Monday, November 9, 2015

Again

by John O'Shields II
 
Again 
The pulsing, pounding, growing 
skull expanding rage of knowing 
this development of frenzy 
isn't mine and never will be 
 
Again 
I sit against the buildings 
Feeling nothing, wait for healing 
But still the sound of rage keeps rolling 
Toward my peace like whores exposed and  
 
Again 
There's nothing I can offer 
Still, a coin's left by the coffer. 
Skin dissolved from holy contact 
never mends.. and my bones show that. 
 
Again 
This ultimatum's given 
Damn, I'm tired of this living 
under plagues infecting morals 
And what's with all the pointless quarrels? 
 
Again 
Your side accuses ours 
Soldiers die.
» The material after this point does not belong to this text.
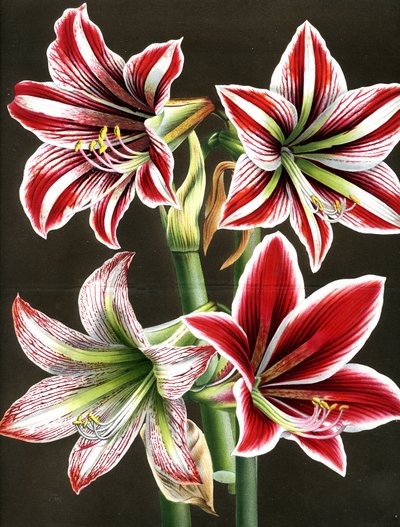 AMARYLLIS HIPPEASTRA door Louis Van Houtte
A show of power. 
Universal pissing contest. 
Did genocide replace the fist? 
 
Again 
I stand and scream to leaders 
Bring back fisticuffs, it's cheaper 
than digging graves for sons and brothers 
If nothing else it spares the mothers 
 
Again 
It all becomes too hectic 
Pray for peace but can't direct it 
Where's this god we're trained to follow? 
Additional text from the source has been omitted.